Multiple central banks around the globe have previously started their preparations to build CBDCs (Central Bank Digital Currency), also called digital money. In basic terms, these are digital versions of our regular cash or the so-called fiat currency.
Previously, the European Central Bank (ECB) announced that it would be starting its preparations for creating its digital euro. This decision has raised concerns and assumptions from the financial community. How would it work? What would be its purpose, and how would it impact the economy? How would it adhere to the fundamental values of the European Union (EU), such as privacy?
The European Union (EU) stated that developing its own digital currency is mainly to attain its strategic independence, which primarily pertains to economic sovereignty and political autonomy.

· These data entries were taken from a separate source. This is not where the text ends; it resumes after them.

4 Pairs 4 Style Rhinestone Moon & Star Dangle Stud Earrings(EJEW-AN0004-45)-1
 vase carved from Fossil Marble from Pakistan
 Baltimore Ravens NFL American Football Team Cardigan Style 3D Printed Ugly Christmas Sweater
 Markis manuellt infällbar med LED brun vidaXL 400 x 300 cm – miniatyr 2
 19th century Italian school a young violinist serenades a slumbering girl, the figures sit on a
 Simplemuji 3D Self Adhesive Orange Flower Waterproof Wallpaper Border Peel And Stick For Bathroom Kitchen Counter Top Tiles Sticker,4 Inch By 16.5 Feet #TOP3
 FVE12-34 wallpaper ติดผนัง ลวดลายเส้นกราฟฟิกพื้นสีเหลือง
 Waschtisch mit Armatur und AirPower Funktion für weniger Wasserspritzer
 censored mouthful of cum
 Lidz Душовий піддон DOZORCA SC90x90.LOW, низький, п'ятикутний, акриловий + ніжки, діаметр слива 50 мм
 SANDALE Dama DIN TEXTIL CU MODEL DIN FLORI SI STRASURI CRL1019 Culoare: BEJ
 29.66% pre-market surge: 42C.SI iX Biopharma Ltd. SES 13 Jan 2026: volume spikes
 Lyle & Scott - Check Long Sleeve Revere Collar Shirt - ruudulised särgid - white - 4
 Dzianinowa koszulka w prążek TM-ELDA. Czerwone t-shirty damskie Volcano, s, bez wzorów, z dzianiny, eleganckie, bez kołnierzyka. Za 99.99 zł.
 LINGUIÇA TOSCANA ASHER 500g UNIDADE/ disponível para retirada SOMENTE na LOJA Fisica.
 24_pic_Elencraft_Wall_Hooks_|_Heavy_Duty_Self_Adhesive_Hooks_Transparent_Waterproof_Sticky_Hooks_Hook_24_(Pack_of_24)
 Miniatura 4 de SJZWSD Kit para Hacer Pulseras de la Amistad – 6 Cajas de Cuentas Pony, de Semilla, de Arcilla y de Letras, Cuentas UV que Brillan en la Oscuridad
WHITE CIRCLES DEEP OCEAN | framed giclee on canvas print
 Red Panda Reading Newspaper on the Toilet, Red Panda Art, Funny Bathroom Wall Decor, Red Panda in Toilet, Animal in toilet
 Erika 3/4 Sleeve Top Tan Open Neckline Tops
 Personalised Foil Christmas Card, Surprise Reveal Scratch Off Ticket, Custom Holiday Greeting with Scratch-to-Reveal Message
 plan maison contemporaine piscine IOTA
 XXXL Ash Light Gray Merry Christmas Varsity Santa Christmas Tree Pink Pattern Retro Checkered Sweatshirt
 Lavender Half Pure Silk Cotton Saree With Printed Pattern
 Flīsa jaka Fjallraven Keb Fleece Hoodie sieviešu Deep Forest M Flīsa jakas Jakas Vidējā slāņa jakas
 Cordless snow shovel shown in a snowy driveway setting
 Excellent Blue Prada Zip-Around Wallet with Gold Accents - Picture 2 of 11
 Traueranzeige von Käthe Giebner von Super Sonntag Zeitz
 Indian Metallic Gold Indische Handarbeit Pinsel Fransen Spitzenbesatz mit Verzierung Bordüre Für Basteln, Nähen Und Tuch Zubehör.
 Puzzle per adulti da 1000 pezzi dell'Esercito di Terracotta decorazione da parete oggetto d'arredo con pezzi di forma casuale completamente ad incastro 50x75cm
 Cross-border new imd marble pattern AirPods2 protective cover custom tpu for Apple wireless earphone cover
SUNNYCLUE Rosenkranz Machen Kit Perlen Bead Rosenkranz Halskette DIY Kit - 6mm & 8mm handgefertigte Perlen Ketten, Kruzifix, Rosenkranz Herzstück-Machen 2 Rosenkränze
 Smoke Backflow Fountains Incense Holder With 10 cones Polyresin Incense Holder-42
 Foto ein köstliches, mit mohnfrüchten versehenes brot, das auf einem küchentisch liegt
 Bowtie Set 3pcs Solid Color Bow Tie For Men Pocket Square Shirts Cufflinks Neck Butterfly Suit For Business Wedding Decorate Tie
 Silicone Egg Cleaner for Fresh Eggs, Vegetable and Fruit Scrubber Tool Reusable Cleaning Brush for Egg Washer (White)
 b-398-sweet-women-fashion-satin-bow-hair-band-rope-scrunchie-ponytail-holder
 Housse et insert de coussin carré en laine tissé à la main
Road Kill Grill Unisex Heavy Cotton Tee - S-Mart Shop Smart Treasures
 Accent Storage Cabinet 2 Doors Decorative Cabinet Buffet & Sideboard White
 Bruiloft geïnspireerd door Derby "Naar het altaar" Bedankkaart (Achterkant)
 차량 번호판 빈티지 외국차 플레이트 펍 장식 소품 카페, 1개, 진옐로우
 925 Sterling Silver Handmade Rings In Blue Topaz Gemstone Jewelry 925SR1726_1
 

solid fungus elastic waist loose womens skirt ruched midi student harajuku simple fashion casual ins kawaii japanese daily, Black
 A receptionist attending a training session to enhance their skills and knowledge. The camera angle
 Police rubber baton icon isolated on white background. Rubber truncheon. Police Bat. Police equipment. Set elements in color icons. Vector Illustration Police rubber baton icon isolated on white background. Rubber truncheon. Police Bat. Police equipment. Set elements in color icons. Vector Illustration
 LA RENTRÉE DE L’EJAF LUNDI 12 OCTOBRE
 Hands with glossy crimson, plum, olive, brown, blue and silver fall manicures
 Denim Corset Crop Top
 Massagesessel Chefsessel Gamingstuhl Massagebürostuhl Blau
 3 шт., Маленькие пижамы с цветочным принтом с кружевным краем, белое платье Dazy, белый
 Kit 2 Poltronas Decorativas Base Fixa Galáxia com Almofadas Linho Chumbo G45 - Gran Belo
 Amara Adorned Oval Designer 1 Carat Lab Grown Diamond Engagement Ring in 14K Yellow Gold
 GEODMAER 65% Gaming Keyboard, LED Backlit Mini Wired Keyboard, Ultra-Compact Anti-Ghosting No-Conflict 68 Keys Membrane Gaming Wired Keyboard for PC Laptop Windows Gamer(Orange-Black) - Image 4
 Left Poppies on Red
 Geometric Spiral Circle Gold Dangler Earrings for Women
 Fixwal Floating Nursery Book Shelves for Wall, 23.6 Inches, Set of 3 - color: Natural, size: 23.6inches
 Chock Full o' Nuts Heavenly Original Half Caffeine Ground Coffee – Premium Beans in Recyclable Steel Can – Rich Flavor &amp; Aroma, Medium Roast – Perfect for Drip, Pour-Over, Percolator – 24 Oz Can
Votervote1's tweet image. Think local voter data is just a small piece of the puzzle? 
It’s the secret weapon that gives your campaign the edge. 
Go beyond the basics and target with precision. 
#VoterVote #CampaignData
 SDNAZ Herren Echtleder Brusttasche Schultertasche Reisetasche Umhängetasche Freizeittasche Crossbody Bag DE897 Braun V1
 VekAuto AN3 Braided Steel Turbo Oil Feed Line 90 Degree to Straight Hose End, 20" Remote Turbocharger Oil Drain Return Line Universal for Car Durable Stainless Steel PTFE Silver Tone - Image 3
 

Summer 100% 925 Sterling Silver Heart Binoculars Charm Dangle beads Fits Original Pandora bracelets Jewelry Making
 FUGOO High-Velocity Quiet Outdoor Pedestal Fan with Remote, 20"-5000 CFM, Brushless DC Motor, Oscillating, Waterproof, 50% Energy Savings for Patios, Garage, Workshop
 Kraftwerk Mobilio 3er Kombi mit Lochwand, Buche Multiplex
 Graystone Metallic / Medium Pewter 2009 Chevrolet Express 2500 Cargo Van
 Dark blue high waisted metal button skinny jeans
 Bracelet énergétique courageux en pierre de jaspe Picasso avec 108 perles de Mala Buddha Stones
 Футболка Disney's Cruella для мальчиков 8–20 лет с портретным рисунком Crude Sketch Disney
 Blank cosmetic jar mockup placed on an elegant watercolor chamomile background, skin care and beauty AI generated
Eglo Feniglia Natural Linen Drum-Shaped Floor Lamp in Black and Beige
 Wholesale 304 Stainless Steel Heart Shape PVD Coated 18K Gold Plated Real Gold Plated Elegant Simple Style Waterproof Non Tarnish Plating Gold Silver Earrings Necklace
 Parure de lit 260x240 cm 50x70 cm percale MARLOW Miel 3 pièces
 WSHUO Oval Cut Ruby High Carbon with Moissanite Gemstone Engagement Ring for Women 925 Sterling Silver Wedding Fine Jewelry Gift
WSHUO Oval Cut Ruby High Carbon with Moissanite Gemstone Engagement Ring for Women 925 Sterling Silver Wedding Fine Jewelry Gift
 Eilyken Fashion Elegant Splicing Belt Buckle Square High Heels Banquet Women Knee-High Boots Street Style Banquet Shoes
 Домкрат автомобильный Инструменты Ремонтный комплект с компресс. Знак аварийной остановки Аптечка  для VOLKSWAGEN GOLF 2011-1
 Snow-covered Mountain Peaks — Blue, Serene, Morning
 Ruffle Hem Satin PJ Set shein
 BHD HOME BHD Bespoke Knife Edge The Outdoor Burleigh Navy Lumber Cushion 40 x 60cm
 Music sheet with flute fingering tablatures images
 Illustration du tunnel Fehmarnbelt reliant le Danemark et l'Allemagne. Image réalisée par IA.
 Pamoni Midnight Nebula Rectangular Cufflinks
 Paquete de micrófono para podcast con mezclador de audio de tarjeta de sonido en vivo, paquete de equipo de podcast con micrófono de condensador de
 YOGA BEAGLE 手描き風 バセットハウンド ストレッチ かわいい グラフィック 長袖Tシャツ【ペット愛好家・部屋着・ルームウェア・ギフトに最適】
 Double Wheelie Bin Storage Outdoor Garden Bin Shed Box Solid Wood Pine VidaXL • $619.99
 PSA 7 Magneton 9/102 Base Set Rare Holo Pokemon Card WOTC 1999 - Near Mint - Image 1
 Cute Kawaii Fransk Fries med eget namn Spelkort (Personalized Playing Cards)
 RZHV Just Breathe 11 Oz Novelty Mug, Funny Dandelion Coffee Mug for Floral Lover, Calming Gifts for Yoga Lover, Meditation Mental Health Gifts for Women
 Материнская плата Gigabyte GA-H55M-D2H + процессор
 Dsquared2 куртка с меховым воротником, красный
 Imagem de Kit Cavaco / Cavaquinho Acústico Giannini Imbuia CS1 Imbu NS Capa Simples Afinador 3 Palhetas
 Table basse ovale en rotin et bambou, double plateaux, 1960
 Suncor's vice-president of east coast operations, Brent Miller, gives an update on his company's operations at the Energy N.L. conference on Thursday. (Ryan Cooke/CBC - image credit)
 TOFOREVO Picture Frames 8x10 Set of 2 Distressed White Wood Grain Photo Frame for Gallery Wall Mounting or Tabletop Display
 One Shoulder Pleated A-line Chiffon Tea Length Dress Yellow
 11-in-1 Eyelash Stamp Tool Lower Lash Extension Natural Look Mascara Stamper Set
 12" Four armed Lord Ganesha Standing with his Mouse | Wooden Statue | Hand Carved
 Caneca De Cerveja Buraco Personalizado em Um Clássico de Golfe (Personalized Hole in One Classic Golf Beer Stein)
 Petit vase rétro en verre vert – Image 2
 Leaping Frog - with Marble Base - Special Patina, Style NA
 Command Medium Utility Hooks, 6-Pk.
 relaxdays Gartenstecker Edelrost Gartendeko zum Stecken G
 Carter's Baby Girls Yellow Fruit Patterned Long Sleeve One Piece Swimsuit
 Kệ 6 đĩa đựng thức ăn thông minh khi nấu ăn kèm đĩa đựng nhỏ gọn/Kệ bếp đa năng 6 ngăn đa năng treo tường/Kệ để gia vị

This initiative for a European CBDC was seen as a response by the ECB to a broader change brought by the virtual currencies and digitalization of money. With the fast-changing internet, virtual variants of money are emerging, primarily brought by digital currencies.
Privacy has always been on top of the list when talking about money in general, more so in digital money. Safeguards and preventive measures are what experts and the financial community mostly scrutinize regarding digital currencies.
Previously, the ECB has ensured the public that privacy will be on top of its priorities. However, in its most recent reports, it seems like this is not the case.
The ECB pointed out that aside from privacy, the public has other competing concerns which might be considered for trade-offs, such as global market acknowledgment and security.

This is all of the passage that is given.